El corazón de Isaac comenzó a palpitar fuerte por la emoción, algo que no sucedía desde su adolescencia, pero intentó mantener el semblante profesional y serio como era esperado de su cargo en esta situación. ¿Y si era una falsa alarma como tantas otras?

Cerrando los puños para darse fuerza, el capitán se dirigió al centro de comando donde reinaba un ambiente expectante cargado de energía.

-¡REPORTE! ¡YA! -gritó Isaac sobresaltando a más de un oficial sumido en sueños.

-Tenemos al Dr. García en línea, capitán. Nos está enviando la información -anunció un subalterno con voz quebrada.

-Capitán, es habitable. ¡EL PLANETA ES HABITABLE! -sonó una voz electrónica y llena de interferencia a través de los parlantes.

Un grito de alegría y alivio ensordeció al capitán durante varios segundos, pero él se mantuvo inmóvil, su corazón acelerándose un poco más. ¿Podía ser? ¿Podía animarse a sentir esperanza?

-¡SILENCIO! Desplieguen la información en las pantallas, ¡AHORA! -gritó sobre el barullo para hacerse escuchar.

Los datos aparecieron al par de minutos, llenando los monitores del centro de mandos de cifras, datos y fotografías. Un pequeño planeta celeste resaltó entre los infinitos números, y a Isaac se le revolvieron las entrañas de nervios. Algo instintivo y arcaico se despertó dentro de su ser y cuando volvió en si notó que sus mejillas estaban empapadas de lágrimas.
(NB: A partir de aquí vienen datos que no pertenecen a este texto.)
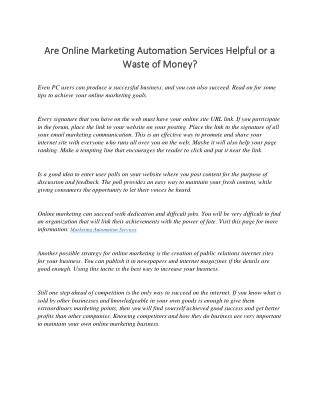 Marketing Automation Services Article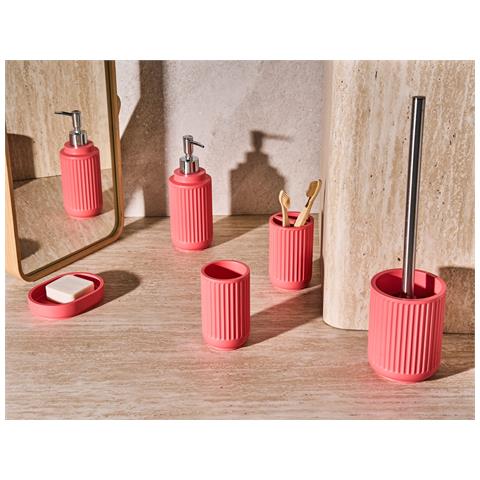Set Da 5 Accessori Per Il Bagno Huarmey Rosso - Foto 1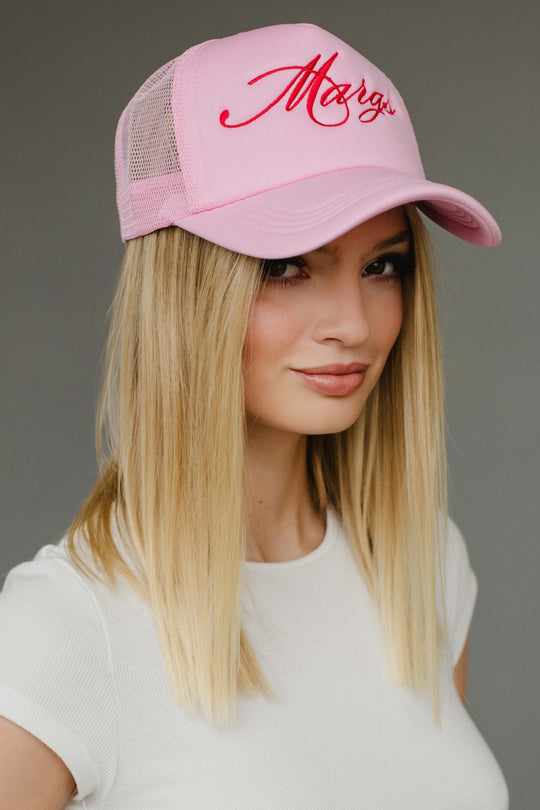 pink margs trucker hat, light pink trucker hat, margs, margs trucker hat, colorful trucker hat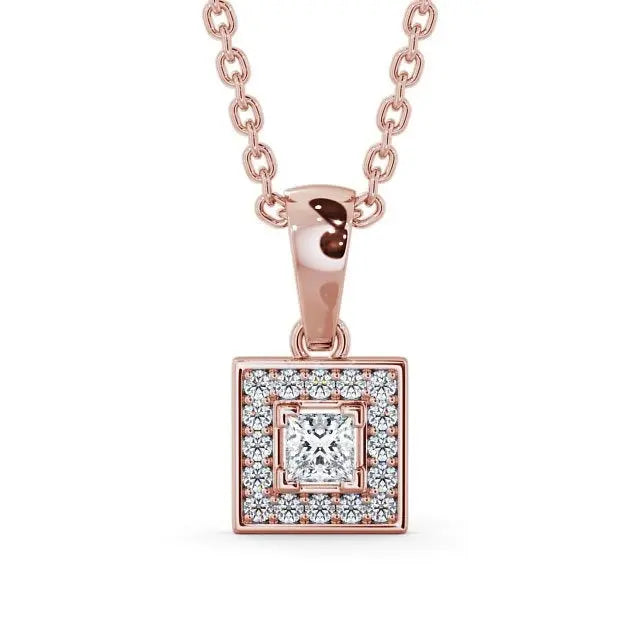 0.70CT Princess Cut Halo Lab Grown Pendant  customdiamjewel 10KT Rose Gold VVS-EF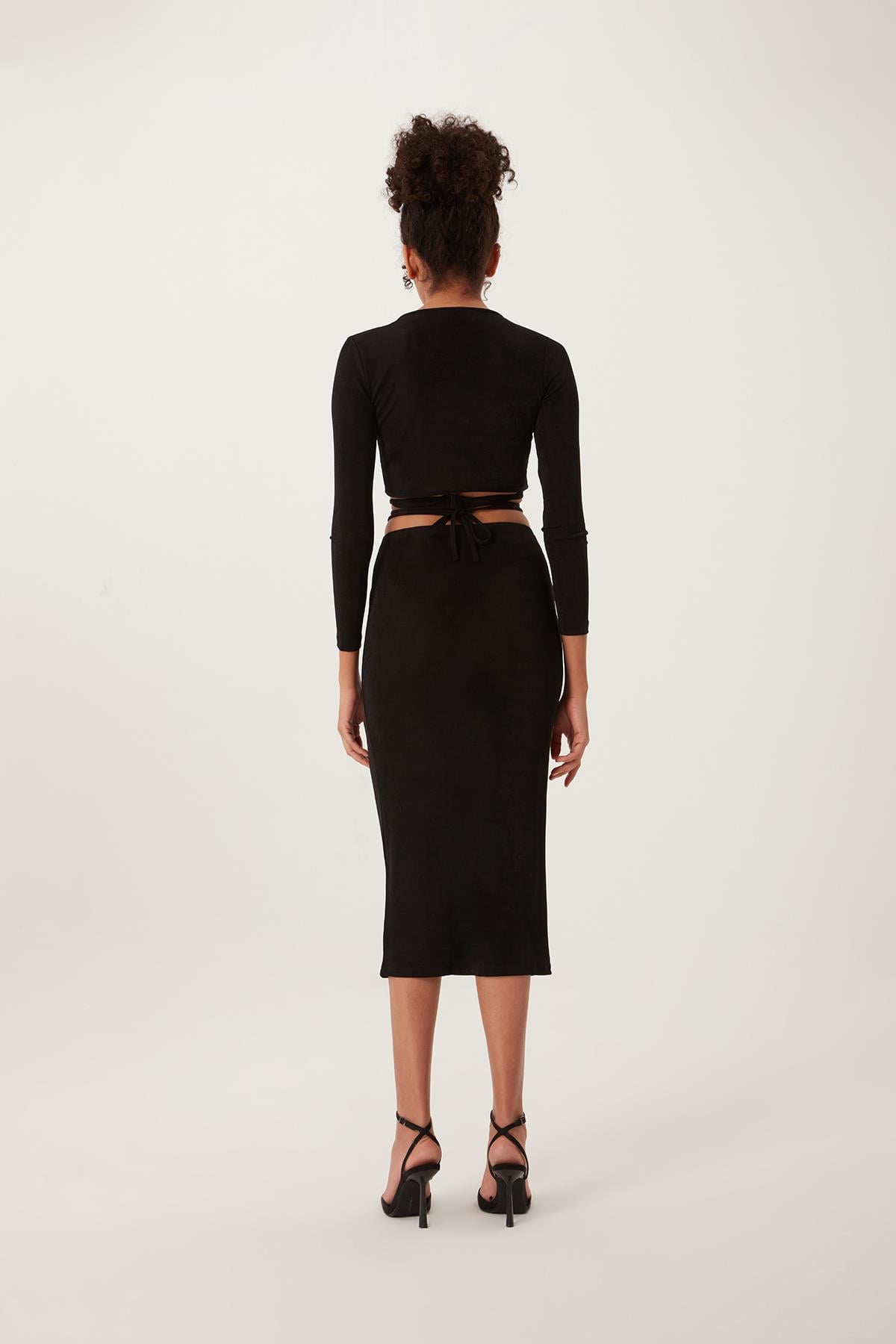 Çapraz Bağcıklı Kruvaze Crop top Siyah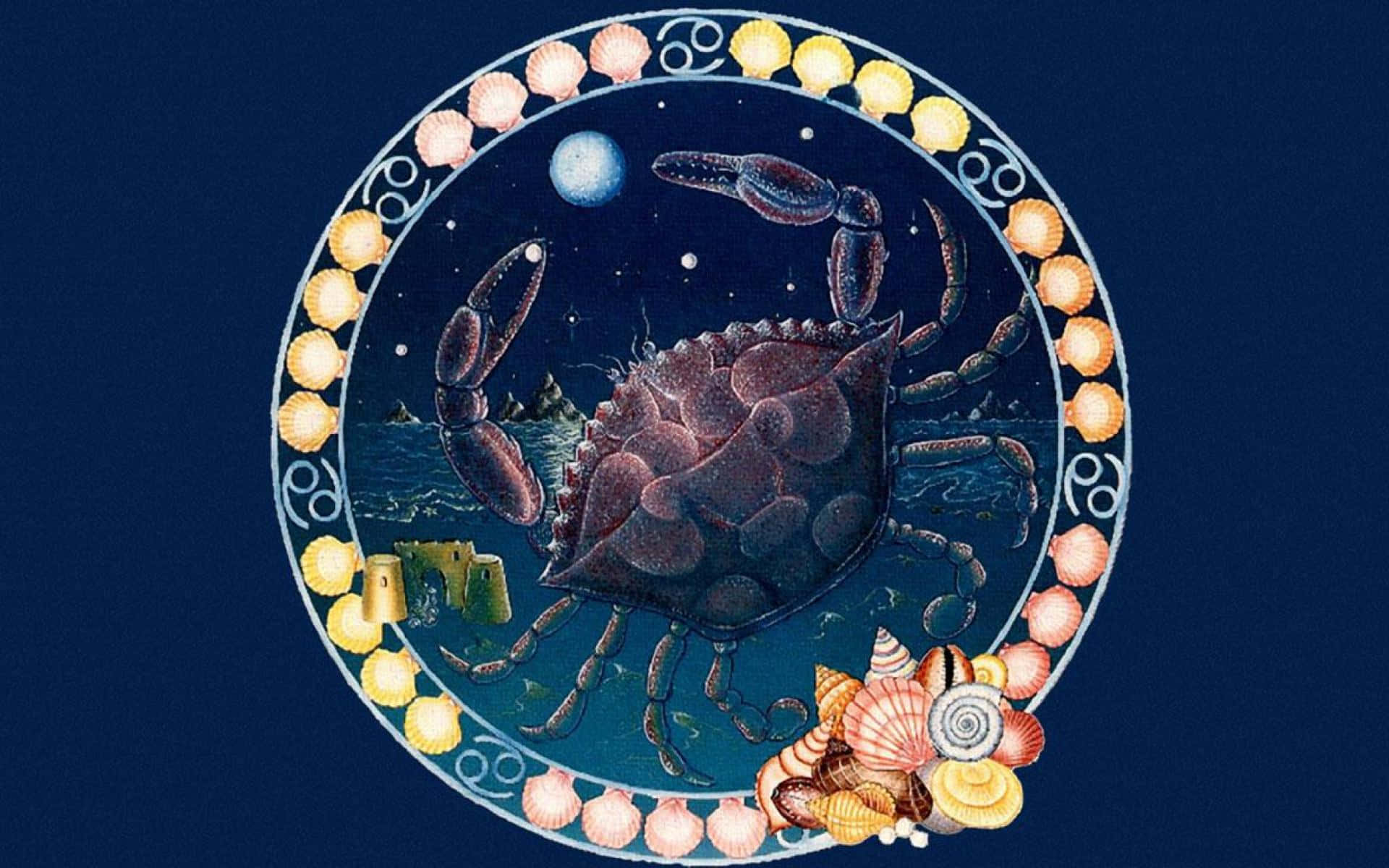 Cancer Zodiac Sign 桌布 壁紙 — 一個詳細的插圖，中央是一隻螃蟹，位於圓形框架內，框架裝飾著色彩繽紛的貝殼，背景是星空夜空。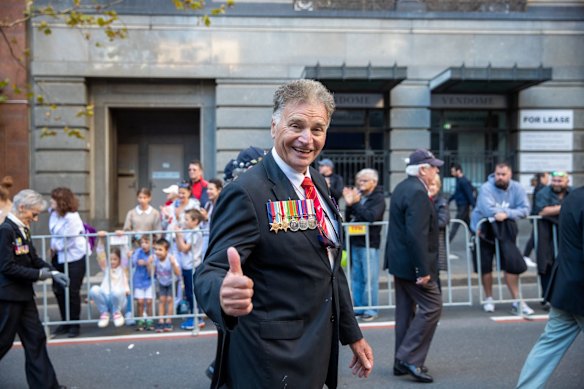 ANZAC Day march down Elizabeth St, Sydney.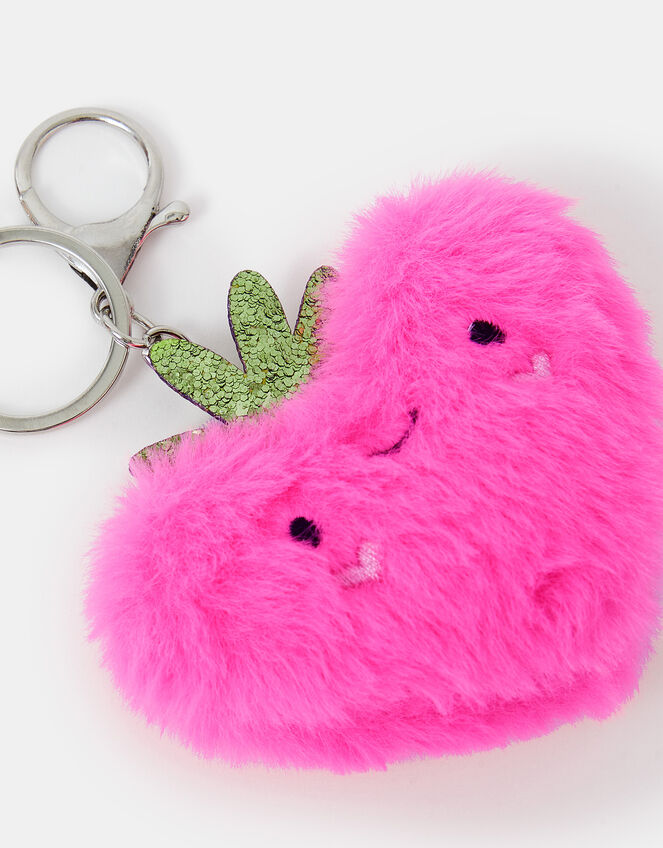 Girls Faux Fur Strawberry Bag Charm, , large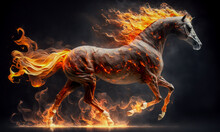 Horse That Is On Fire On A Black Background. Generative AI.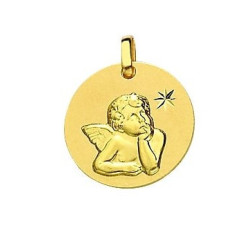 Médaille baptême Ange Pensif - Or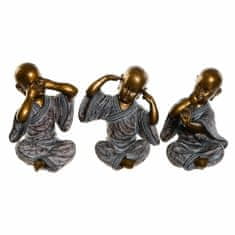 DKD Home Decor Dekorativna figura DKD Home Decor Resin Monk (3 kosi) (25 x 21 x 30 cm)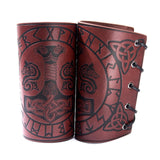 Maxbell Medieval Arm Armor Cuff Wrist Guard Quake Pattern PU Leather for Cosplay Brown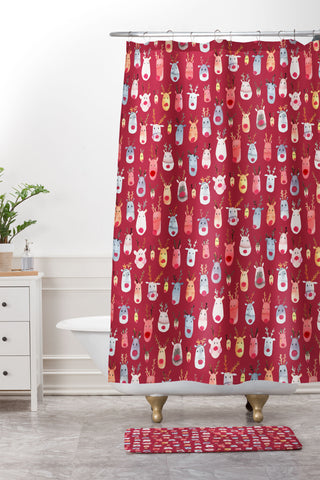 Ninola Design Rudolph Reindeers Red Christmas Shower Curtain And Mat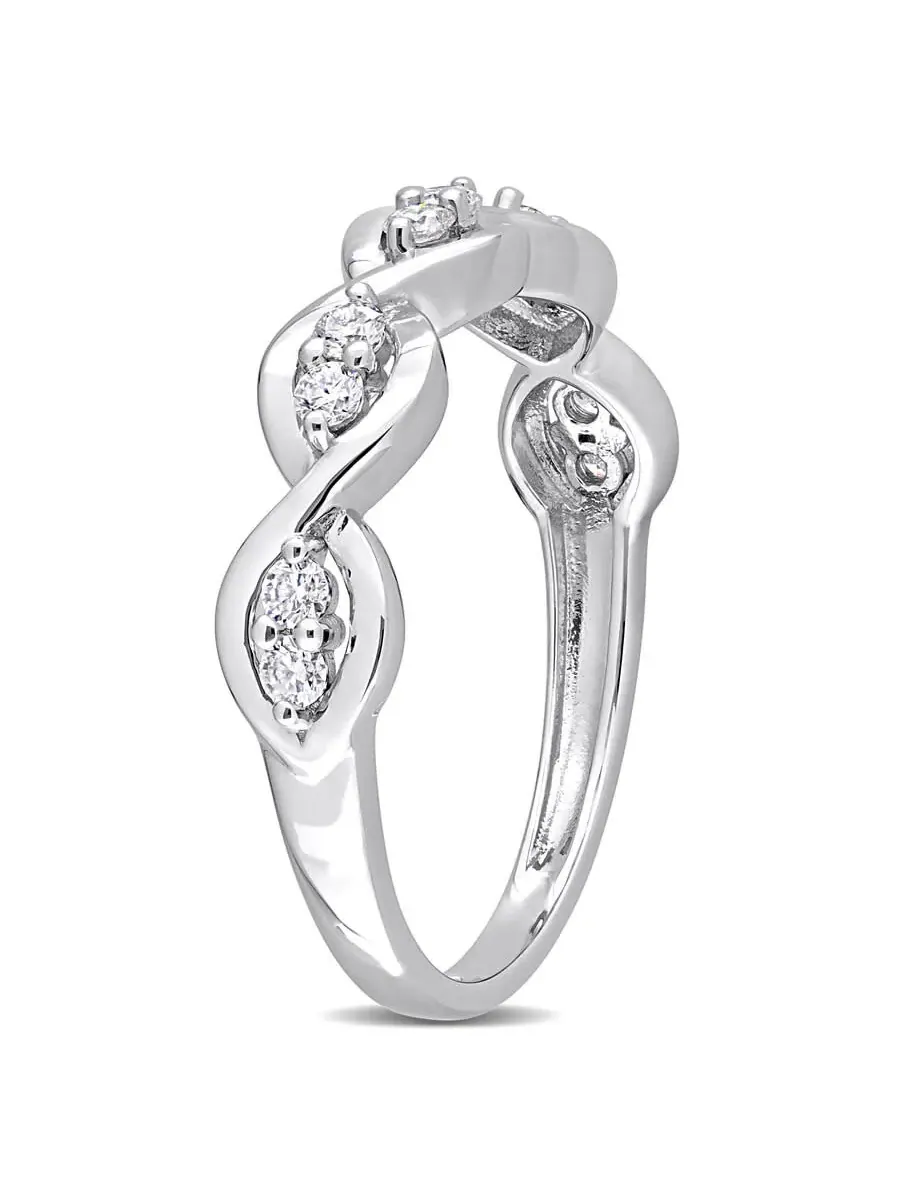 Кольцо Amour Silver с бесконечностью, 1/4 CT TGW, созданный белый муассанит — изображение 2 из 5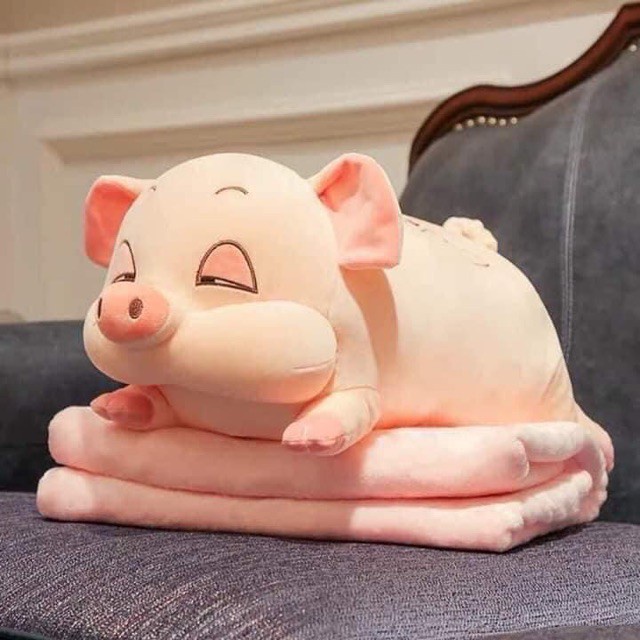 Set Chăn Gối Ôm Hình Lợn Siêu dễ thương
A su alrededor, el silencio le había ganado al bullicio y todos se encontraban mirando el planeta embobecidos.

Una pequeña luna lo adornaba, y el par parecía perfecto, y correcto. Una idea surgió entre la confusión que era la mente de Isaac.

-Pongan en pantalla los datos más antiguos que tengamos sobre la Tierra- ordenó el capitán intentando que su voz sonara firme aunque sentía que iba a desplomarse en cualquier momento.

Los datos de la Tierra habían quedado guardados en un rincón de los archivos digitales de la Base, descartados por ser inútiles en la nueva realidad de la humanidad. Aunque nadie creía necesitar los datos para confirmar lo que su corazón les gritaba, sopesar la verdad con información tangible fue como un golpe en lo más íntimo de sus almas.

Con su mano temblando, el capitán tomó el micrófono que usaba para realizar anuncios a la tripulación y exclamó con toda su fuerza:

-¡Señoras y señores, regresamos a casa!

Usando su otra mano, tecleó en una pantalla el código que había querido digitar toda su vida, aquél que se había resignado a nunca usar, aquél que enviaba una potente señal a través del espacio alertando a las otras bases de que habían encontrado un nuevo hogar.

Hogar, dulce hogar. Bienvenida de vuelta, Tierra, decía.